Now that The Flash, the current elder statesman of superhero television, has officially taken his last run, the obvious question is: What’s next? With much of the larger DC onscreen universe in flux, as James Gunn takes the reins of the franchise with plans to unite the film and television worlds, there’s not much that’s a sure thing at the moment. The CW Arrowverse as we all once knew it is over. And while The Flash movie is finally set to arrive in theaters next month, there’s little guarantee that its—or, really, any—version of Barry Allen will transfer into this brave new world that Gunn is spearheading.

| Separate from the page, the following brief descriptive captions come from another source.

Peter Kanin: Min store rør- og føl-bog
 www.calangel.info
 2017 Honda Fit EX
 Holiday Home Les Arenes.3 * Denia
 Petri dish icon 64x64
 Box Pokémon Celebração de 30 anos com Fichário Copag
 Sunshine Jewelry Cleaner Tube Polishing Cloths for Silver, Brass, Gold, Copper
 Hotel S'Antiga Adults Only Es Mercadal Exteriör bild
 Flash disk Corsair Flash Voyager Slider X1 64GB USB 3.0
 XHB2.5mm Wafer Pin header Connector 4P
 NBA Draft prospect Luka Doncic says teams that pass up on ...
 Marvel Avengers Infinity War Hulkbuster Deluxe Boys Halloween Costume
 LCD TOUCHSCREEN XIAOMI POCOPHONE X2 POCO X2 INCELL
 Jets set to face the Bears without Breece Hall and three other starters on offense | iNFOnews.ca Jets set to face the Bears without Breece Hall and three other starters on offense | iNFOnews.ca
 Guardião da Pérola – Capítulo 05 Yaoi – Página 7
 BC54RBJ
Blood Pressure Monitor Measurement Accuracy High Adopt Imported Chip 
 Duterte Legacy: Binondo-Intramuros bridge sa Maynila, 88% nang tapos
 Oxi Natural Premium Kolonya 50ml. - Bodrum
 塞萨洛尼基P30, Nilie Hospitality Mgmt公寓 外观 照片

But, at least one member of The CW’s The Flash is confident that we haven’t seen the last of its characters. Actor Tom Cavanagh, who has played Barry Allen’s supervillain nemesis Eobard Thawne, also known as the Reverse-Flash, since the series’ first season, is optimistic that one day he’ll be able to put that iconic yellow suit on once more.
“I do think it leaves the door open,” Cavanagh says of The Flash series finale while speaking to Den of Geek. “Because clearly, the Reverse-Flash…you can’t kill the Reverse-Flash. So he got blasted, so what? I feel confident that after about a year or two of there being no Flash, the audience will demand a Flash spinoff, and [I think] it’ll either be about Keiynan [Lonsdale, who has played Wally West in the CW series] or it’ll be about me as Reverse-Flash or both.”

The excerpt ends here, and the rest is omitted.